- [Required action]
Below are some records; quote exactly the lines from the one that contains "Barred window in" through the one that contains "ingredients needed to", inclusive, and no others.

[Dataset extract]

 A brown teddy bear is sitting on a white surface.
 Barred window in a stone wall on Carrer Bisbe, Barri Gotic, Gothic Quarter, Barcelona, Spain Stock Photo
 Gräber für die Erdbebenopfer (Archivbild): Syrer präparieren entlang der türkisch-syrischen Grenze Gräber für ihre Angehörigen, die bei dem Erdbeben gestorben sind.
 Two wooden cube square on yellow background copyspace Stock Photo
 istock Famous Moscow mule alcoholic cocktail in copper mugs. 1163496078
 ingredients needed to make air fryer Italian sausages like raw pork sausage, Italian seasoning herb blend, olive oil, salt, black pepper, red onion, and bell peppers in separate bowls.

[/Dataset extract]
[Dataset extract]

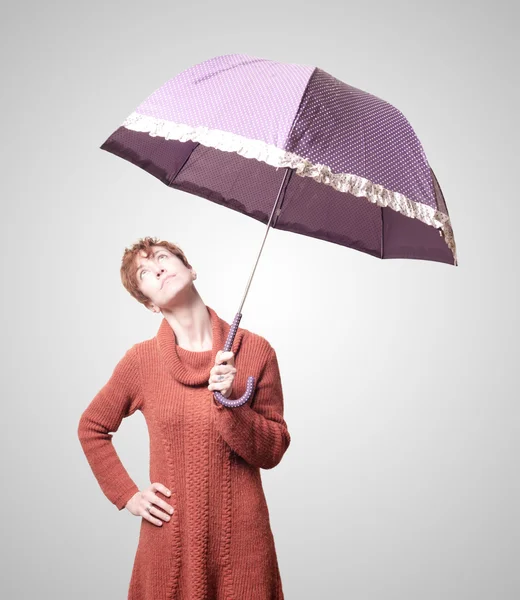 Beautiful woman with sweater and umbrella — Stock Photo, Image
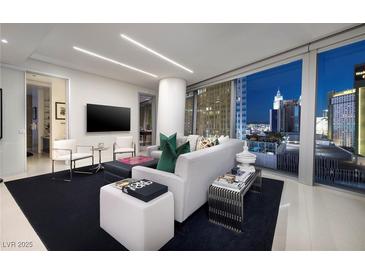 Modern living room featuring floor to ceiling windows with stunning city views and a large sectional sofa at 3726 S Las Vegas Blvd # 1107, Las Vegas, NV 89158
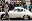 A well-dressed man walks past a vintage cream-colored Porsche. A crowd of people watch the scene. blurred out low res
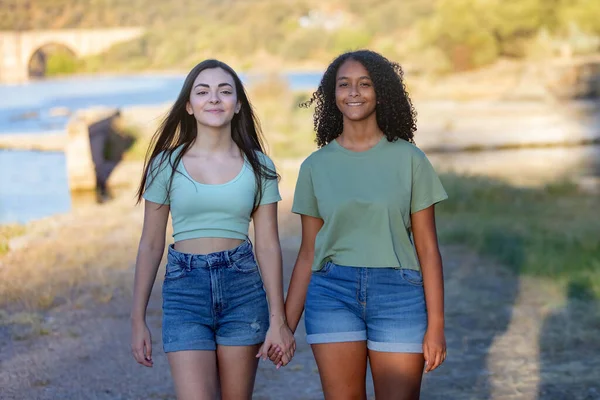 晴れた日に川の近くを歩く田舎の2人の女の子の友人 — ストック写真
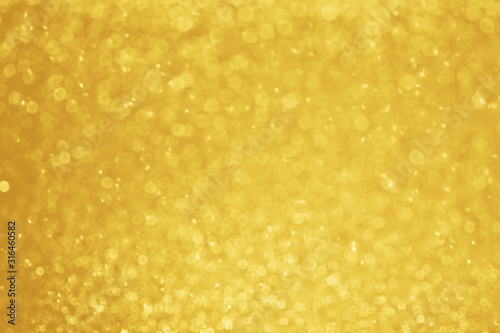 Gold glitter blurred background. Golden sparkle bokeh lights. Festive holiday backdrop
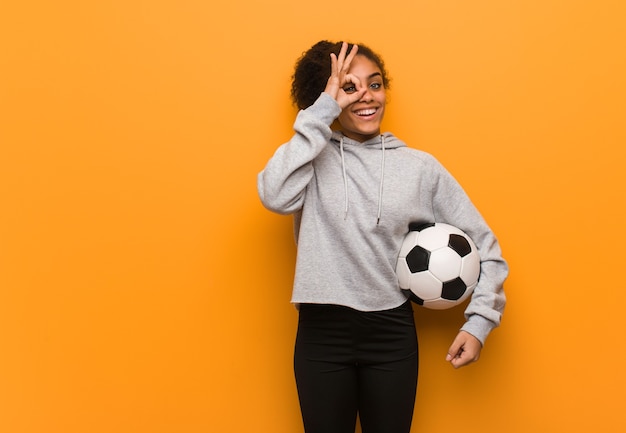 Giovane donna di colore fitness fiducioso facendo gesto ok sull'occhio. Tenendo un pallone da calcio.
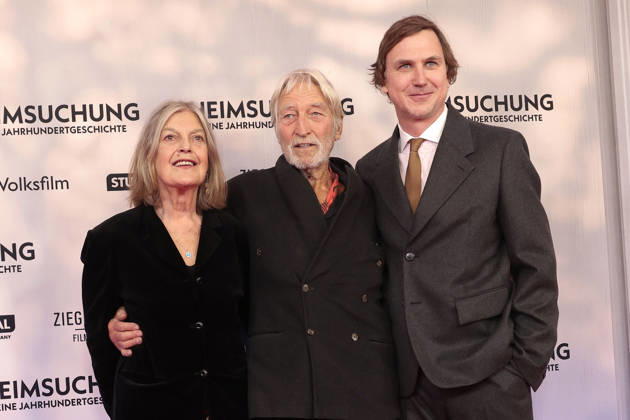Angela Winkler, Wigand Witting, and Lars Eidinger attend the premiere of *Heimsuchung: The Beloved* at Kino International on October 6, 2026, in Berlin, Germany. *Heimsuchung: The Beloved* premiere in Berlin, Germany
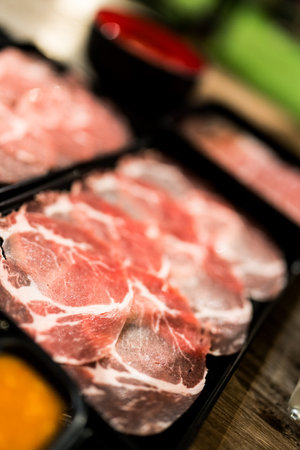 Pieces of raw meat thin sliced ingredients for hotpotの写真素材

[/Dataset extract]
[Dataset extract]

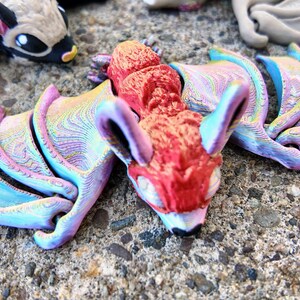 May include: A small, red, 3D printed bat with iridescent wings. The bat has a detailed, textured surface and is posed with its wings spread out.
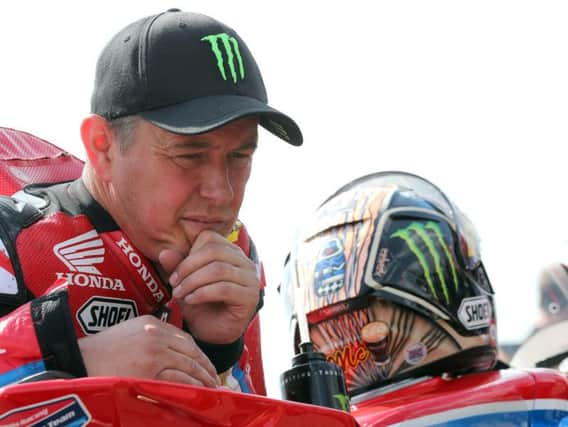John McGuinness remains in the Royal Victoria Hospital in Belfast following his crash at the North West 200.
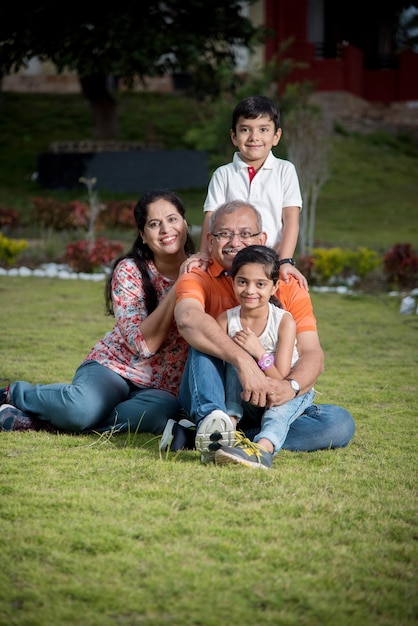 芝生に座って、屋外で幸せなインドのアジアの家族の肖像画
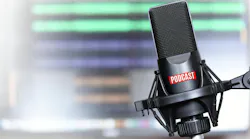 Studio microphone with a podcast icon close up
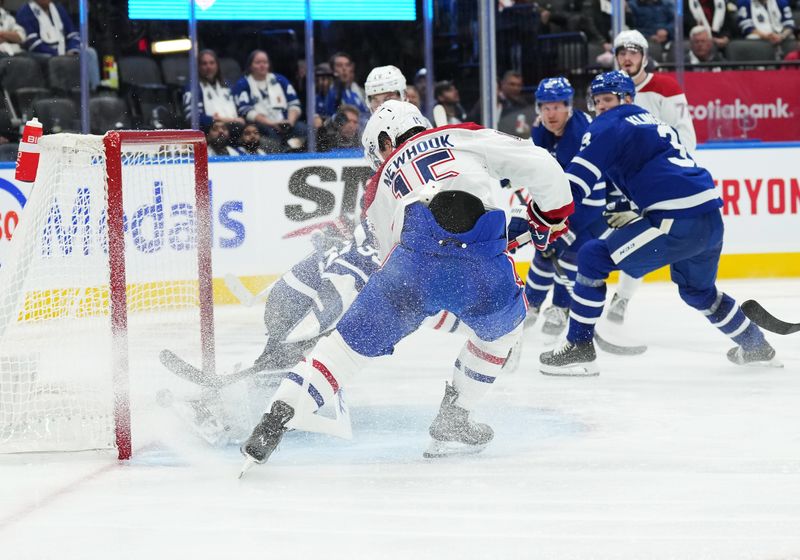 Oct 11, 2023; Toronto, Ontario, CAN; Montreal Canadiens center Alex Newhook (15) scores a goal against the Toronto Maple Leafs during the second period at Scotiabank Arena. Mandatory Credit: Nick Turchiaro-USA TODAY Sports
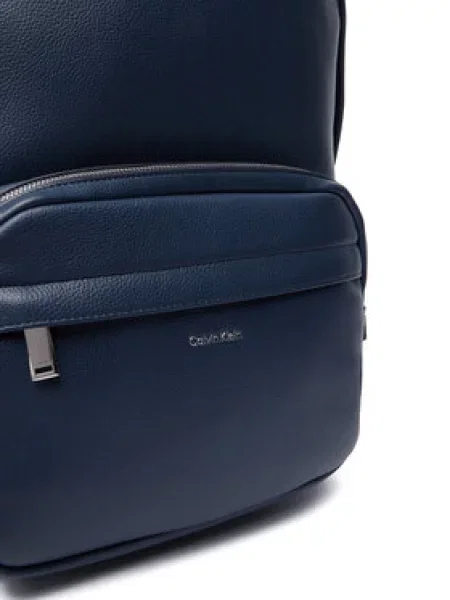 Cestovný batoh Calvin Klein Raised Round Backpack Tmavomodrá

[/Dataset extract]

- [Answer box]
 Barred window in a stone wall on Carrer Bisbe, Barri Gotic, Gothic Quarter, Barcelona, Spain Stock Photo
 Gräber für die Erdbebenopfer (Archivbild): Syrer präparieren entlang der türkisch-syrischen Grenze Gräber für ihre Angehörigen, die bei dem Erdbeben gestorben sind.
 Two wooden cube square on yellow background copyspace Stock Photo
 istock Famous Moscow mule alcoholic cocktail in copper mugs. 1163496078
 ingredients needed to make air fryer Italian sausages like raw pork sausage, Italian seasoning herb blend, olive oil, salt, black pepper, red onion, and bell peppers in separate bowls.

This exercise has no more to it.